- Classification: Latter Day Saint
- Polity: Hierarchical
- Founder: Marl Kilgore
- Origin: 1951 Bicknell, Utah
- Separated from: Aaronic Order
- Congregations: 1
- Members: 30

= Zion's Order, Inc. =

Latter Day Saints movement sect

Zion's Order, Inc. is a sect in the Latter Day Saint movement that was founded by Marl Kilgore (also known as Merl Kilgore) in 1951.

Kilgore was a member of the Church of Jesus Christ of Latter-day Saints until 1950, when he left the church to join the Aaronic Order. He moved to Bicknell, Utah, where he and another member of the Aaronic Order left that church and formed Zion's Order of the Sons of Levi. In 1953, the church and its followers moved to Mansfield, Missouri.

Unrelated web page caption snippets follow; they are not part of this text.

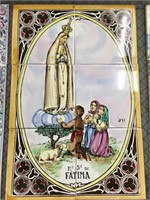 Lot of 6 tiles from Portugal, "Our Lady of Fatima"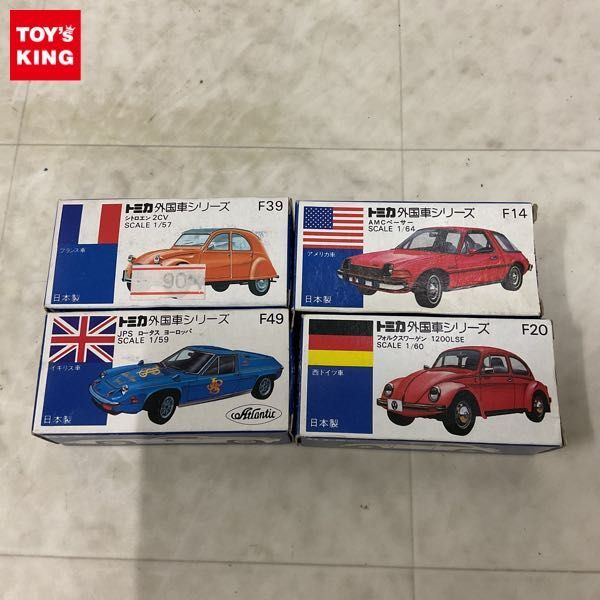 1 иен ~ синий коробка Tomica AMCpe-sa- Citroen 2CV сделано в Японии др. 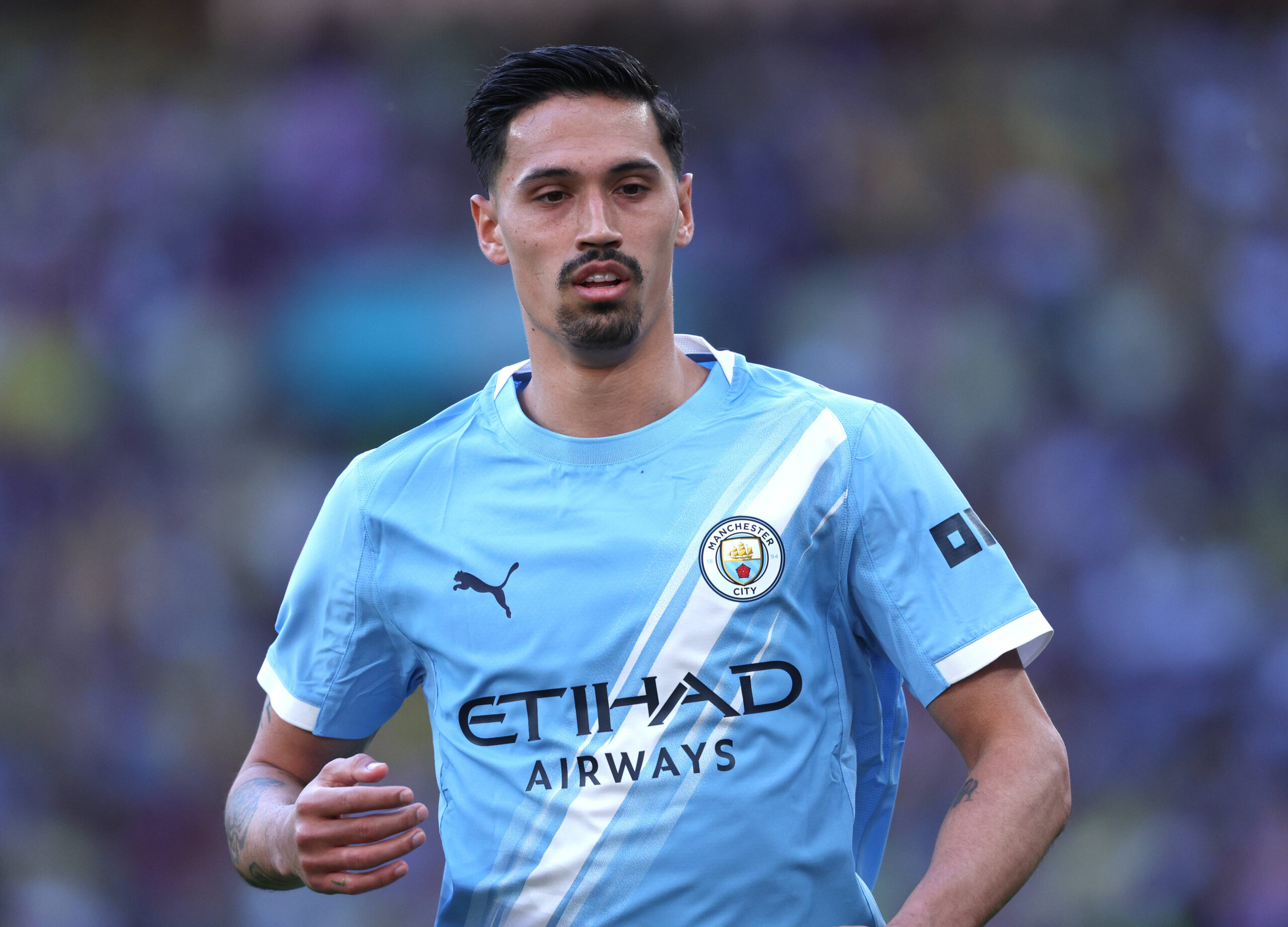 Manchester City v Southampton - Emirates FA Cup Semi Final Tijjani Reijnders of Manchester City running during the Emirates FA Cup Semi Final match between Manchester City and Southampton on April 25, 2026 in London, England. WARNING! This Photograph May Only Be Used For Newspaper And Or Magazine Editorial Purposes. May Not Be Used For Publications Involving 1 player, 1 Club Or 1 Competition Without Written Authorisation From Football DataCo Ltd. For Any Queries, Please Contact Football DataCo Ltd on +44 (0) 207 864 9121 London Wembley Stadium England United Kingdom Copyright: xAllstarxPicturexLibraryxLtdx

The new church regarded Kilgore as a prophet, and he recorded over 650 revelations from God. In 1969, Kilgore resigned as the president of the church to focus on performing missionary work among Native Americans in the southwestern United States. In 1975, Zion's Order of the Sons of Levi incorporated and became known simply as Zion's Order, Inc.

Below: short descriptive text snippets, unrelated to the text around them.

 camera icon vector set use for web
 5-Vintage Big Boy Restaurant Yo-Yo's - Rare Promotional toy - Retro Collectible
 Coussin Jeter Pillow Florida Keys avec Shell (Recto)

The church teaches that the Latter Day Saints must return to the practices of the United Order in preparation for the Second Coming of Jesus. The church uses the same scriptures that are used by the LDS Church, with the exception of section 132 of the Doctrine and Covenants, which sets out the doctrines of plural marriage and celestial marriage.

The church is composed of one congregation of approximately 30 people and are governed by a First Presidency, a presiding bishop, and a presiding patriarch.

In the early 1950s, Theron Drew, a member of the Church of Jesus Christ of Latter Day Saints (Strangite), identified Kilgore as the "One Mighty and Strong" that was prophesied by Joseph Smith to come forward to put the church in order. Drew's enthusiasm for Kilgore and his church were short-lived, however, and Drew went on to found the Church of Jesus Christ (Drewite).

==In literature==
- "Notes from Out of the Shadows" Garnet June author, name used in book is Spring Haven(eldest daughter of Marl Kilgore, Leader of Zion's Order of the Son's of Levi, Inc, Zion's Order, Inc Mansfield, Missouri
- In "Walking the Trail", a 1991 book by Jerry Ellis the author describes his visit to the Zion's Order compound in Missouri.